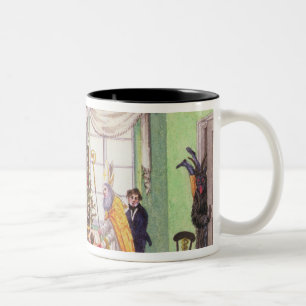Krampus und Sankt Nikolaus von der Zeitschrift von Zweifarbige Tasse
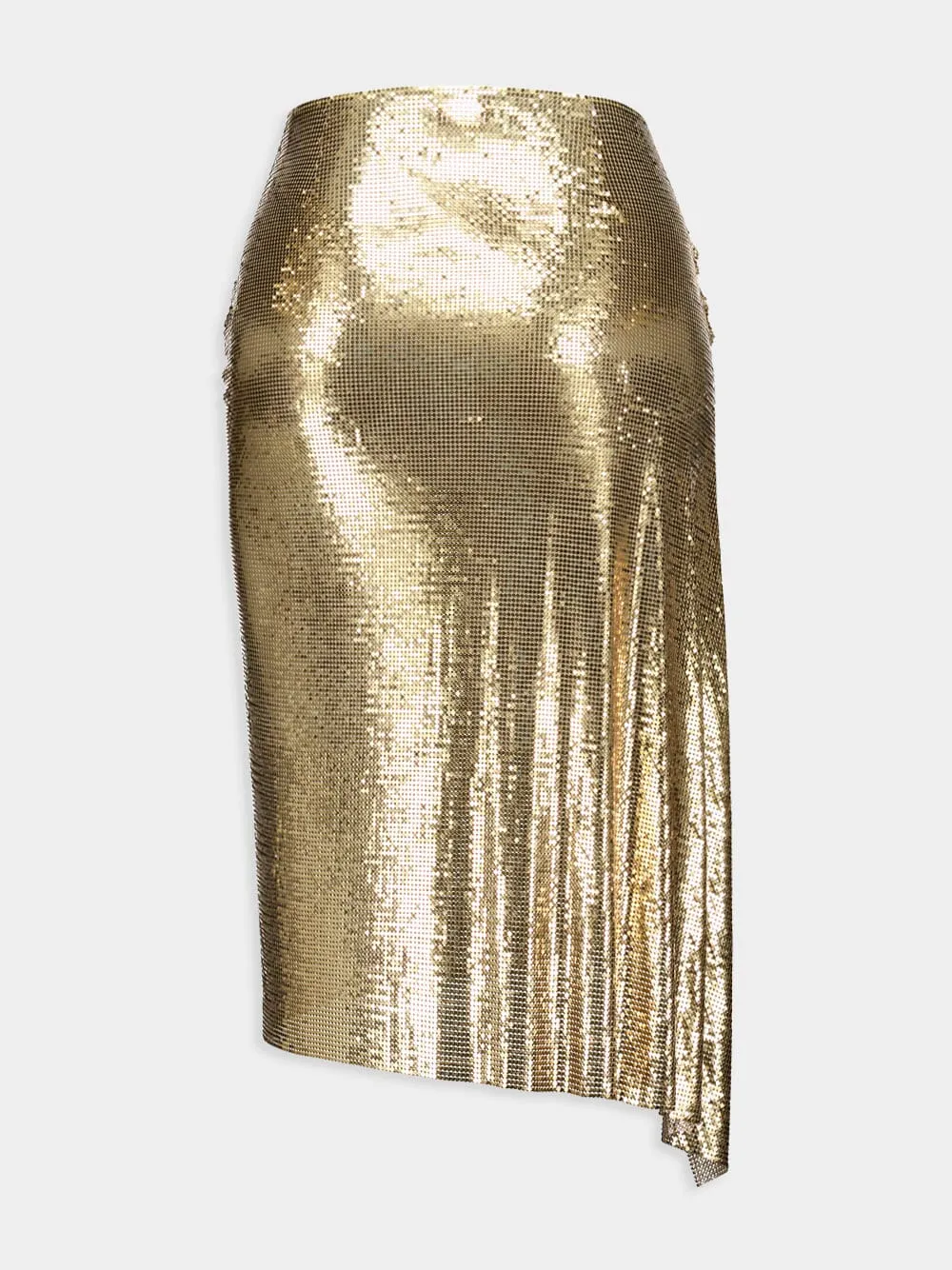 Gold Drapé Pression Chainmail Skirt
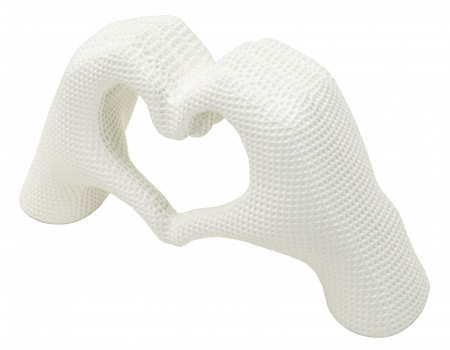 Sculptură decorativă inimă din rășină albă – imagine principală – Lover White [3]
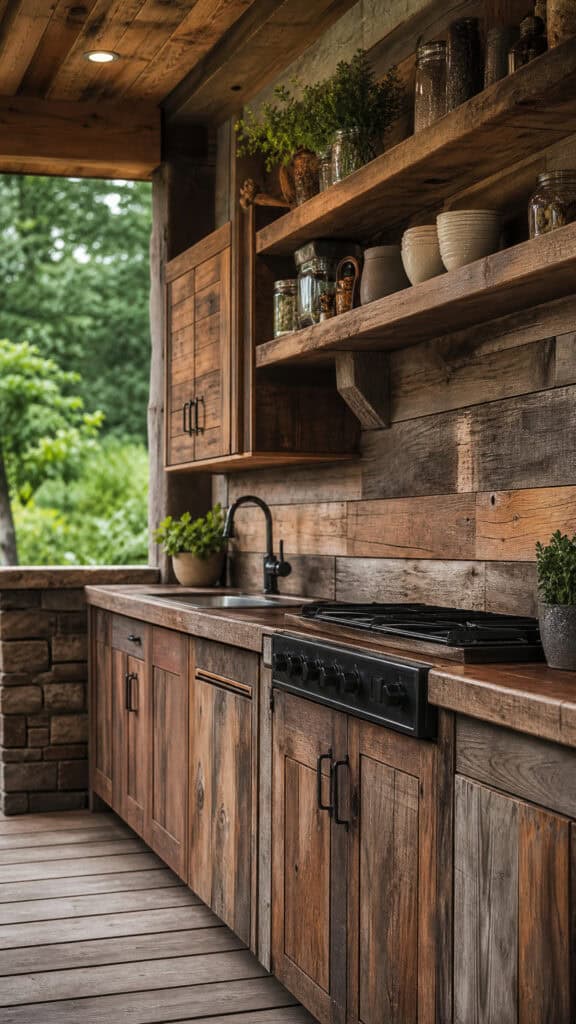 Reclaimed Wood Cabinets with Open Shelving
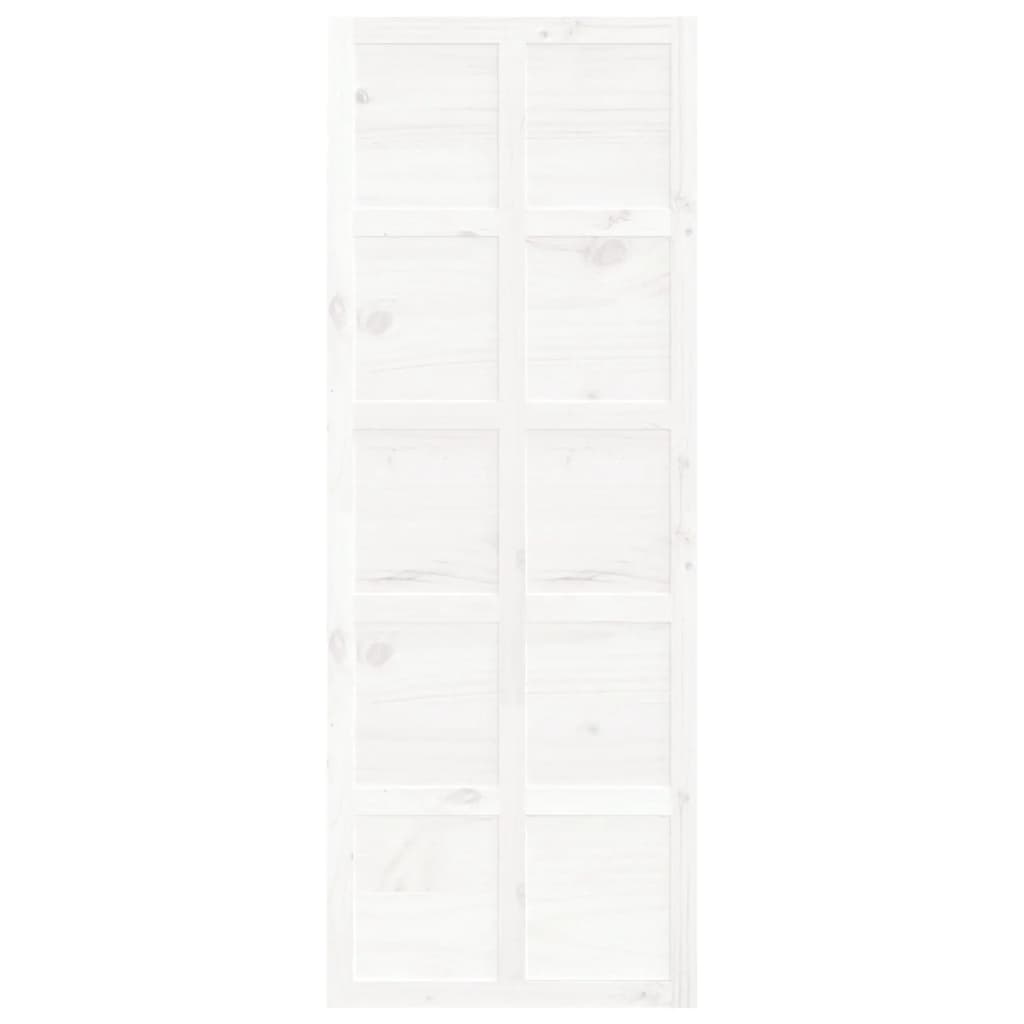 Barn Door White 80x1.8x214 cm Solid Wood Pine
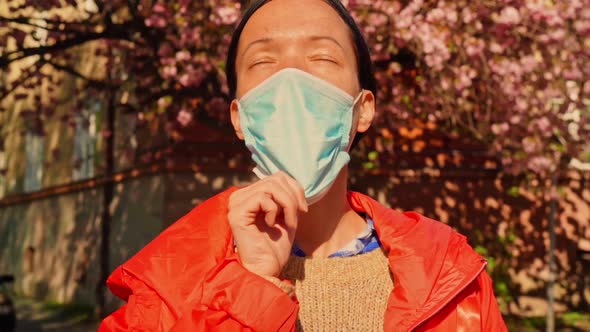 Portrait Female in Pollution Face Guard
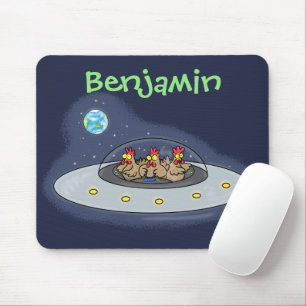 Tapis De Souris Funny chickens in space cartoon illustration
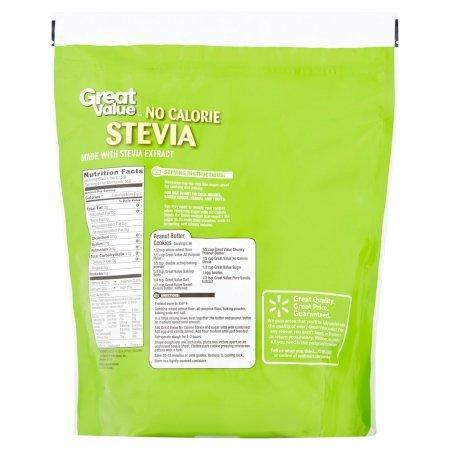 Great Value Great Value Granulated No Calorie Stevia Sweetener, 9.7oz Resealable Pouch (Pack of 4)
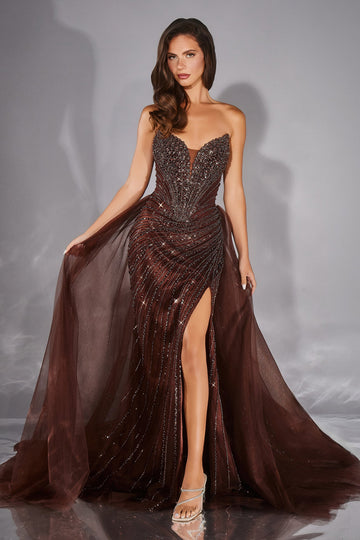 Beaded Strapless Overskirt Gown by Ladivine CC492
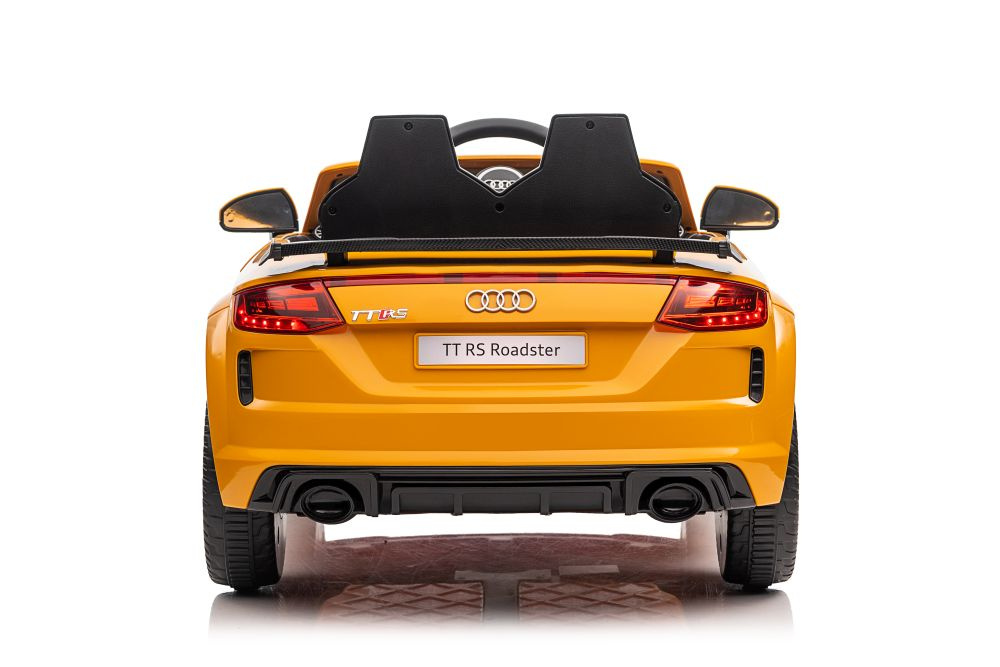 Vienvietis vaikiškas elektromobilis audi ttrs, geltonas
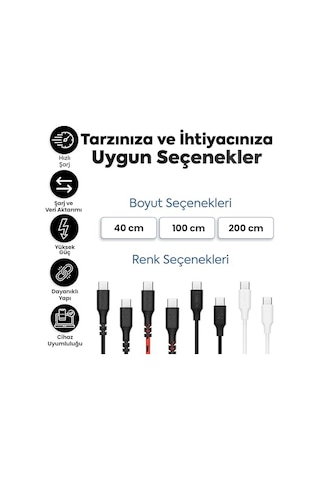 Type-c To Type-c İle Uyumlu İphone Ve Samsung İle Uyumlu Hızlı Şarj Ve Data Kablosu 200 Cm Siyah Diğer
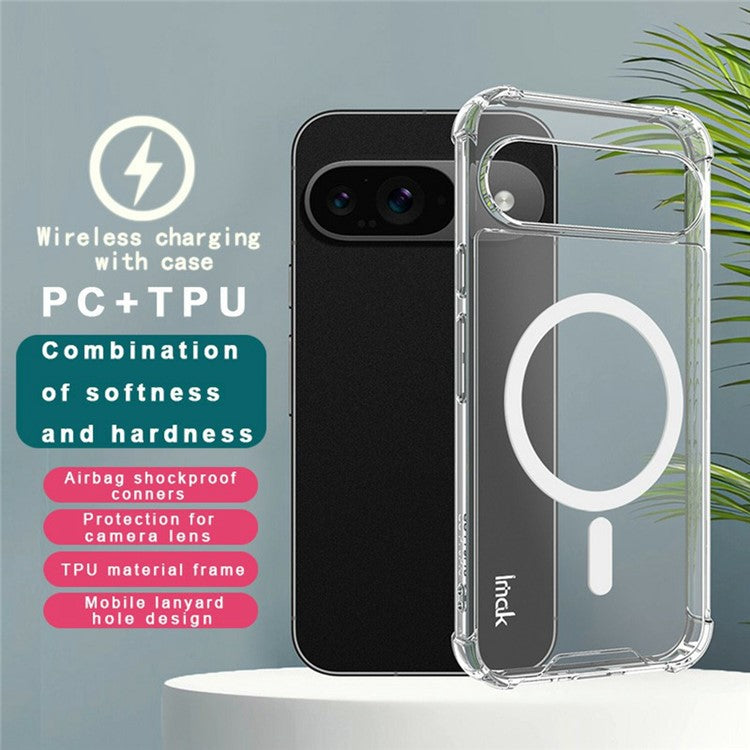 IMAK For Google Pixel 9 Pro / Pixel 9 Clear Case Compatible with MagSafe Shockproof PC+TPU Phone Cover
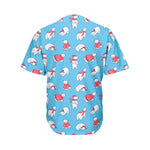 Xmas Polar Bear Pattern Print Men's Baseball Jersey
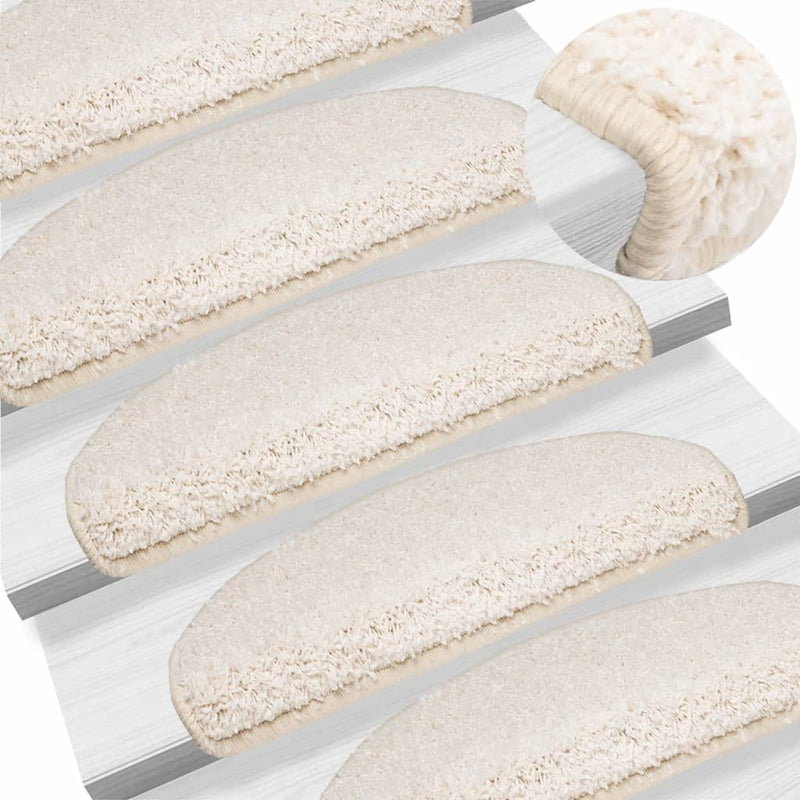 vidaXL Tappetini per scale 15 pz 65x21x4 cm Bianco Semicircolari Grandi - Image 1 of 9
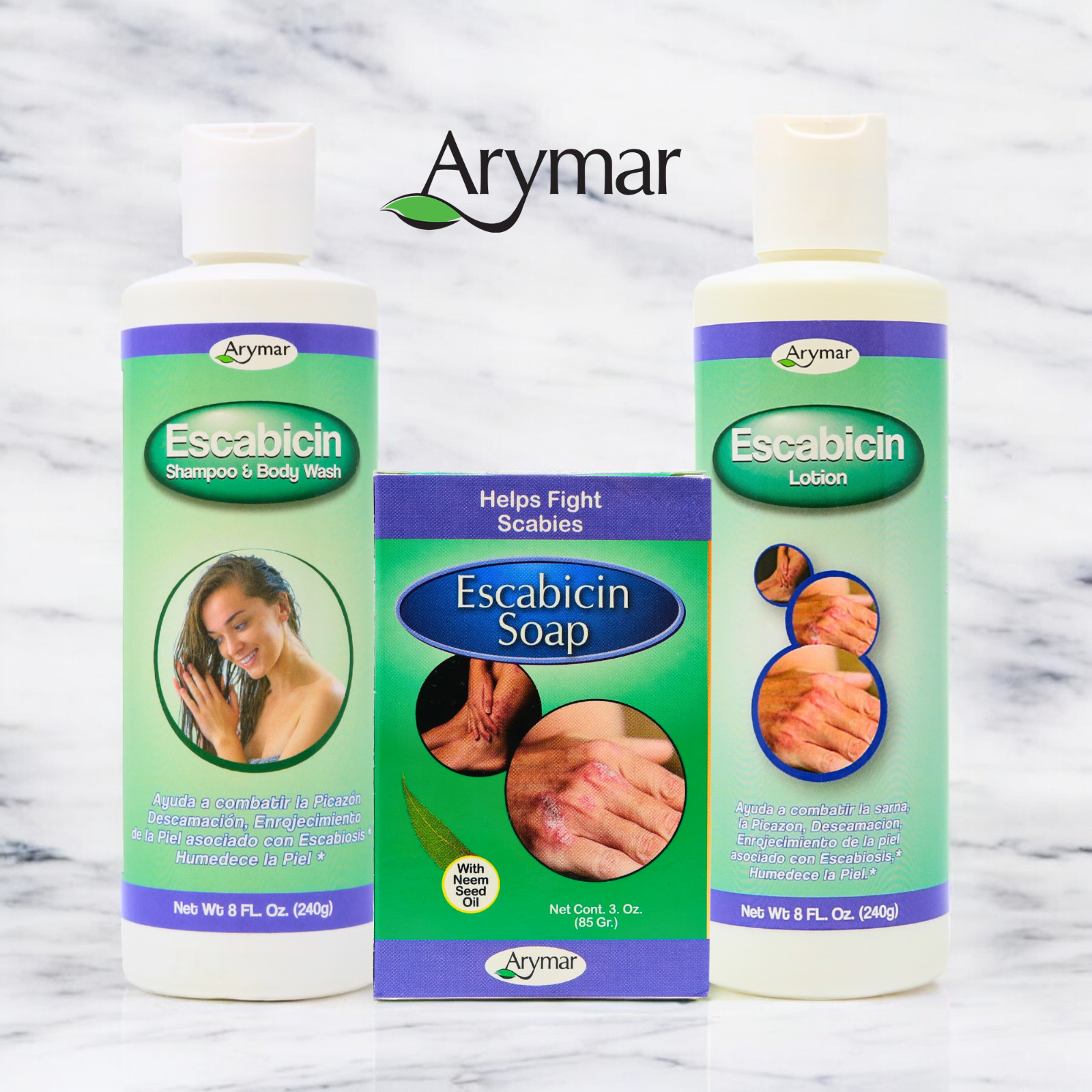 Arymar Escabicin Soap with Sulfur & Neem Oil for Scabies, 3 oz – Packs 1-25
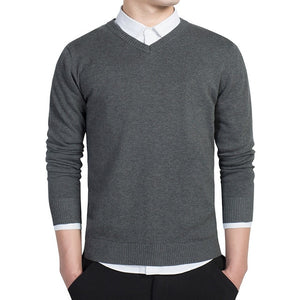 V-neck Knitted Sweaters 2018 Autumn Fashion Casual Men Sweaters Pullover Slim Fit Cotton Solid Men Pullover Plus Size M-3XL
....................
Task statement - Leave out the pictures and set down all of the data exactly.

Finished exercise -
Krampus und Sankt Nikolaus von der Zeitschrift von Zweifarbige Tasse
 Gold Drapé Pression Chainmail Skirt
 Sculptură decorativă inimă din rășină albă – imagine principală – Lover White [3]
 Reclaimed Wood Cabinets with Open Shelving
 Barn Door White 80x1.8x214 cm Solid Wood Pine
 Portrait Female in Pollution Face Guard
 Tapis De Souris Funny chickens in space cartoon illustration
 Great Value Great Value Granulated No Calorie Stevia Sweetener, 9.7oz Resealable Pouch (Pack of 4)
 Beaded Strapless Overskirt Gown by Ladivine CC492
 Vienvietis vaikiškas elektromobilis audi ttrs, geltonas
 Type-c To Type-c İle Uyumlu İphone Ve Samsung İle Uyumlu Hızlı Şarj Ve Data Kablosu 200 Cm Siyah Diğer
 IMAK For Google Pixel 9 Pro / Pixel 9 Clear Case Compatible with MagSafe Shockproof PC+TPU Phone Cover
 Xmas Polar Bear Pattern Print Men's Baseball Jersey
 vidaXL Tappetini per scale 15 pz 65x21x4 cm Bianco Semicircolari Grandi - Image 1 of 9
 Arymar Escabicin Soap with Sulfur & Neem Oil for Scabies, 3 oz – Packs 1-25
 V-neck Knitted Sweaters 2018 Autumn Fashion Casual Men Sweaters Pullover Slim Fit Cotton Solid Men Pullover Plus Size M-3XL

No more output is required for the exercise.